Back to the style issue, at this point if you really feel strongly about the way it looks in the editor, or in documentation then I can see why you would choose one method over the other, choosing the less desirable, but theoretically faster code would absolutely be a case of premature optimisation. I personally don't have a particular preference either way however, and feel like the reasons outlined in the style guide are rather fragile. So ultimately, if I pick up some code full of named return values I don't think it would bother me, in the same way that code that uses none, or mixes them where someone thought it appropriate doesn't bother me either.

* There may be benefits other than just disk/distribution size. Many years ago I read about the benefits of small binaries, something relating to CPU caches, though that may be out of date now and I forget the details.

hyperpape 3277 days ago

The issue is that with the string/regex issue, there's a good reason that the string operation should be faster. Maybe a "sufficiently smart compiler" could optimize it in some cases of static regexes, but it's at least complicated. In cases where the regex is dynamically determined, even the sufficiently smart compiler probably can't optimize away the regex.
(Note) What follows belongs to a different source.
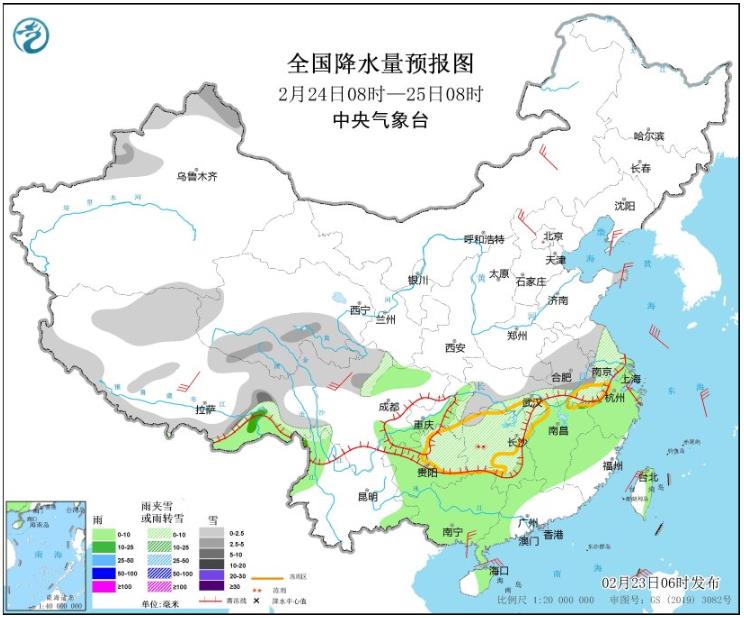 寒潮来袭我国大部地区气温将持续偏低 南方部分地区还有冻雨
In contrast, the case in this article seems like table stakes for an optimizing compiler. It's just not eliminating common subexpressions. There's no reason to contort your code around something that should automatically happen.

wlll 3277 days ago

When I've benchmarked regexes before (Ruby ISTR) there have been situations where the regex engine optimised the code to be comparable to string functions, I can't remember the details though. Just for fun I benchmarked =~ /\Asomething/ and start_with?("something"), a situation that seems could be optimisable by the regex engine, but the string function is still faster (Ruby 2.3.1):

start_with: 5703143.1 i/s regex: 2821224.4 i/s - 2.02x slower

That aside:

> There's no reason to contort your code around something that should automatically happen.

Absolutely, but it's a question of style at that point. "Contorting your code" suggests using a less desirable style/syntax for some gain, and I'd agree would be premature optimisation. If you're just making a choice between two styles that you consider to be pretty much equal then it's just pragmatic.
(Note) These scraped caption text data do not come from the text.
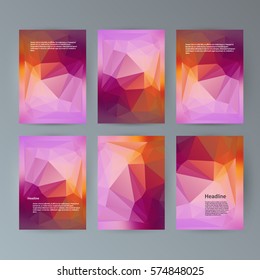 Design elements presentation template. Set vertical banners colors background, backdrop glow light effect. Vector illustration EPS 10 for web banner template, business card layout, web site element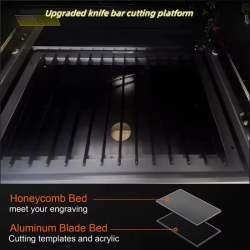 VEVOR 80W CO2 laserkaiverruskone tarkkaan leikkaukseen ja kaiverrukseen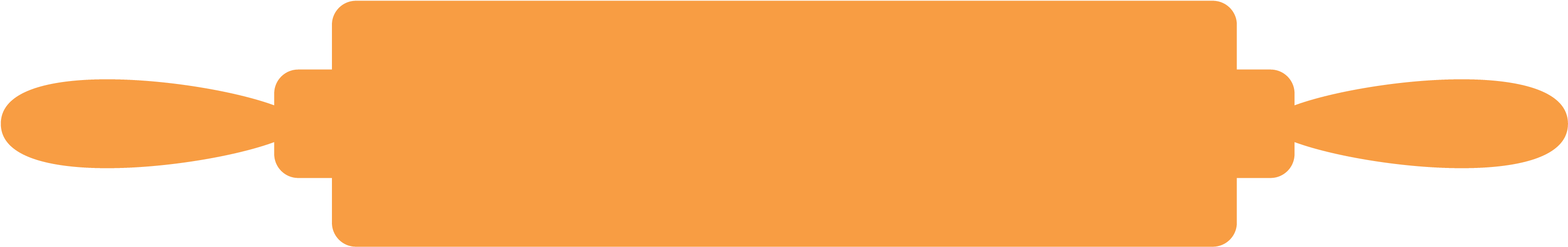 Cc Kitchen Utensils Clip Art-rolling Pin - Clip Art Rolling Pin (3500x1112), Png Download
edit: Forgot to add, yes, I agree that this should happen automatically in the compiler :)

hyperpape 3277 days ago

My point of view is that if you're two equally good styles based on the compiler, it's contorting your code. One doesn't have to be better than the other, if you can't make that choice between semantically identical options, you're conforming to an arbitrary standard.

obstinate 3278 days ago

I dunno. A 30% code size win is non-trivial. I'm all for filing an issue first and seeing how likely it is that there is uptake from the dev team and desire to fix the problem. However, if no fix is forthcoming . . . code size has fairly well known effects on performance.

gizmo686 3277 days ago

A 30% code size reduction in code that does little other than construct and return a value. I have certainly seen individual functions where this is the case, but across an entire program, you will not get anywhere near 30% size reduction.

Having said that, this is certainly something that should be fixed in the compiler.

On a related note, in the final assembly, the compiler could also have optimized the 4 RETs into 1, then optimized away all of the conditionals, turning the sample code into the equivilent of "return objectInfo()"). Of course, in a real example, these optimizations would not be possible; but they do show that these reduced cases are not the best way of benchmarking performance.

lobster_johnson 3277 days ago

Fixing it in the compiler will fix it for everyone, however, which is a big argument for fixing it upstream.

pjmlp 3277 days ago

Unless it actually impacts the use case of the application, and has been confirmed by a profiler that is indeed the case, it is just cargo cult optimizations.